Even airline employees are stranded.  Pilots and flight attendants are having to find hotel rooms too, and hope Southwest reimburses them in a timely manner.

Corliss King, the Vice President of the Union that represents Southwest Airlines flight attendants, said the union only recently earned flight attendants the right to book their own rooms when needed. King said airline employees are feeling the effects of the Southwest Airlines crisis too.

"Sleeping on floors, not sleeping at all, sleeping in lounges, sitting in chairs for hours and days, not having hot food, not having a place to take a shower," King described. "That is not humane.

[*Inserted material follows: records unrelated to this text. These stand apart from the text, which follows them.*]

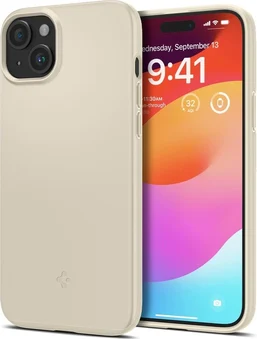 Spigen Thin Fit для Apple iPhone 15 Plus mute Beige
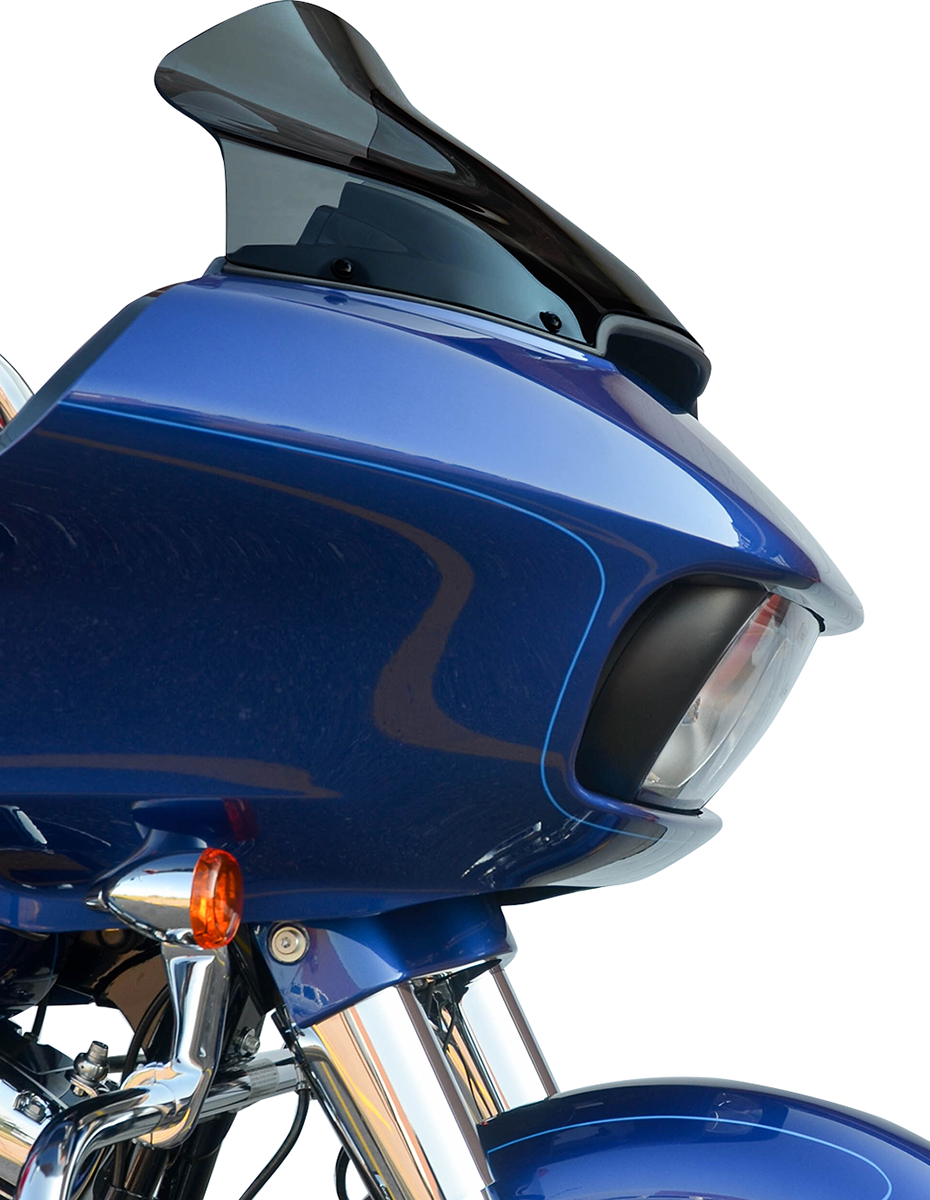 Klock Werks Sport Flare® Windshield - 14" - Dark Smoke - '15-'25 FLTR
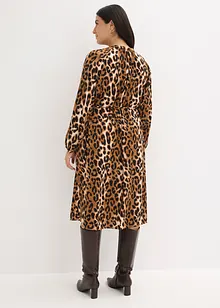 Midi jurk van soepelvallend satijn, bonprix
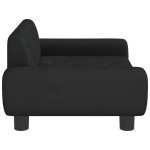 vidaXL Canapea pentru copii, negru, 70x45x33 cm, catifea vidaXL Canapea pentru copii, negru, 70x45x33 cm, catifea
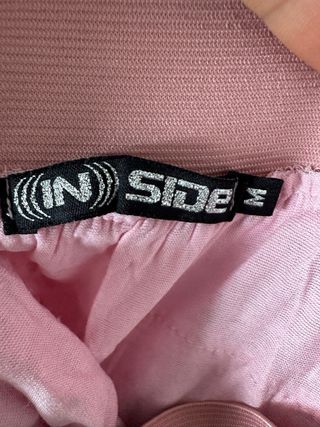 Mini falda con volantes y flores rosa Inside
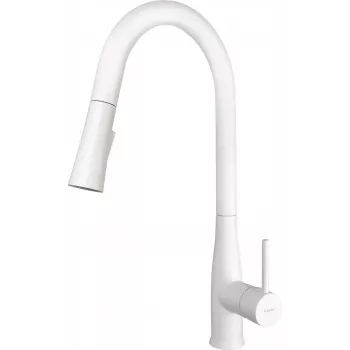 Grifería de cocina DEANTE con caño extraíble, cromo, monomando, giratoria 360°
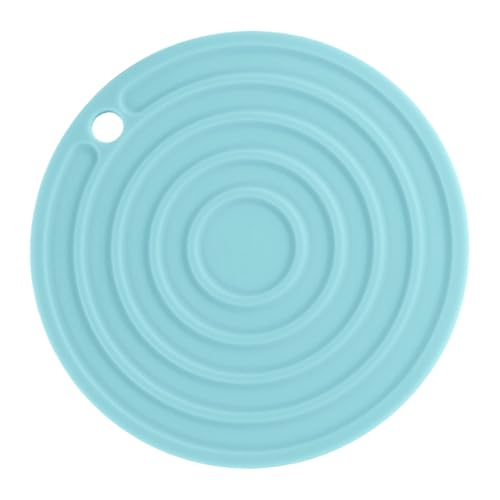 Wasserdichte Silikonwärme Resistente Esstisch Matte Haushalt Rund Isoliertes Placemat Praktische Wärmeisolierung Pfanne Pad von Wdbild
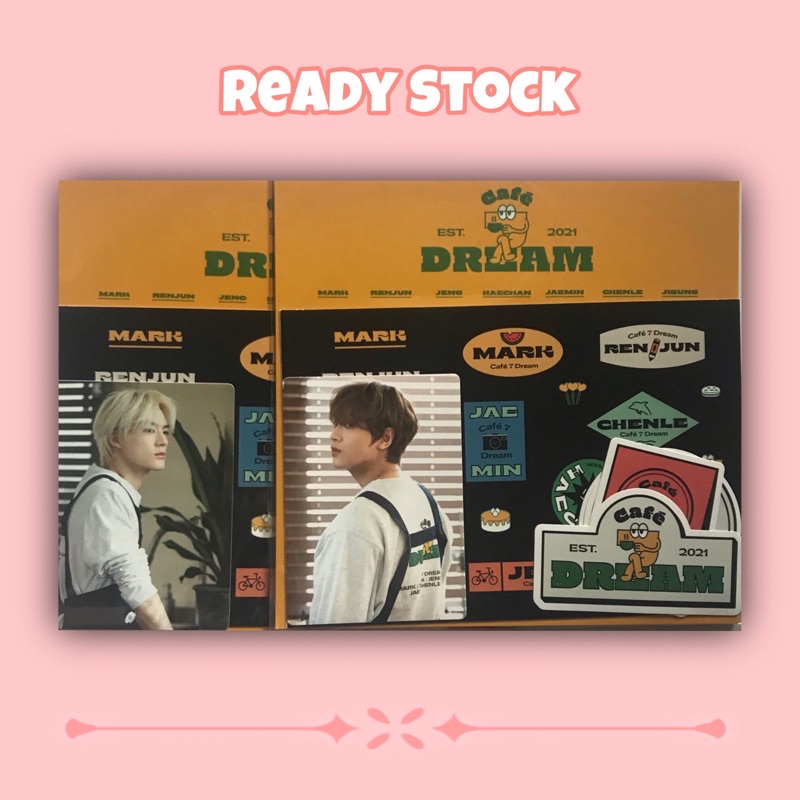 [Ready] Luggage Sticker Cafe Jeno Haechan NCT Dream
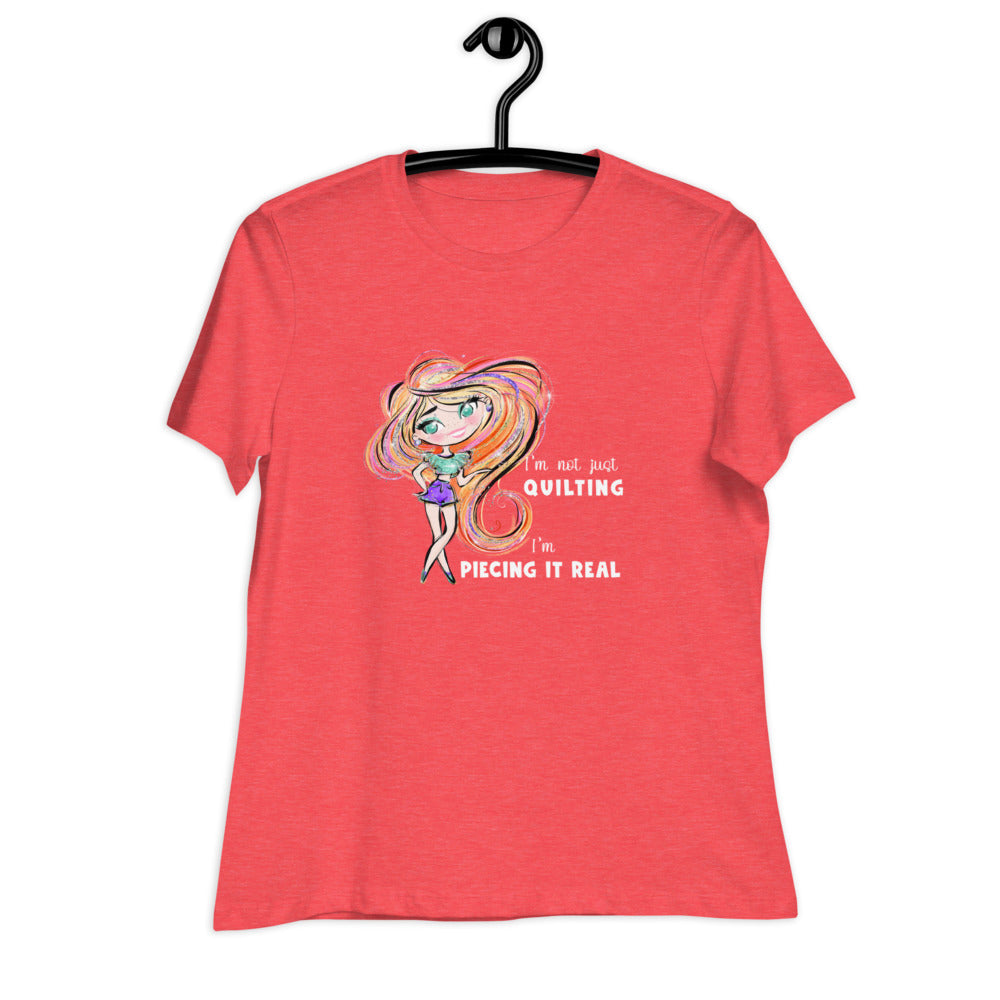 PIECING IT REAL SWAG | Bella + Canvas Women's Relaxed T-Shirt | S - 3XL, Dark Colors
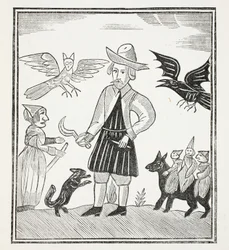 The Witch of the Woodlands, illustration from Chap-books of the Eighteenth Century by John Ashton, pub. 1882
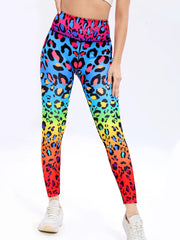 Leopard Print Yoga Pants High Waist Slimming Leggings
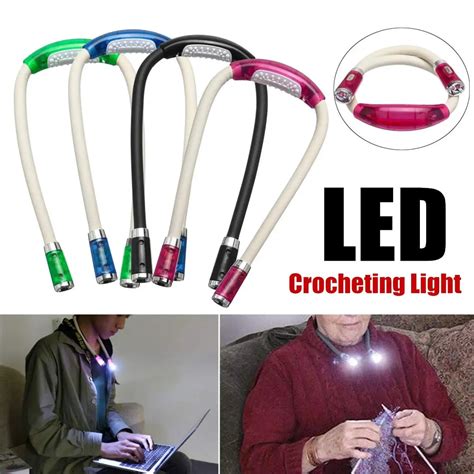4 Colors LED Neck Night Light Flexible Knitting Crocheting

We’ve worked very hard for our passengers to not see that’s what we’re going through, but now it’s busted wide open."

King said winter storms did start all this trouble, but the bigger problem now is that the airline’s employee scheduling system went down. She says her union tried to tell the airline this could happen.

"[We] have forewarned over and over again, technology has to be brought up to date," said King. "We’ve offered solutions, we’ve asked for a seat at the table."

She said airline employees have to abide by certain federal regulations; they can’t work unlimited hours. King added that schedulers are trying to work everything out manually, leaving people lost in the system, and unable to work at all.

"If you can’t get through to someone on the phone to let them know where you are, they cannot possibly put you in the system to help fix the problem." 

For those looking to take alternative methods of transportation, there are options with trains and buses, but those aren’t as affordable as you may think and can take around five times longer than flying would.

There are some options to take a train or bus – but those trips take around five times longer than flying.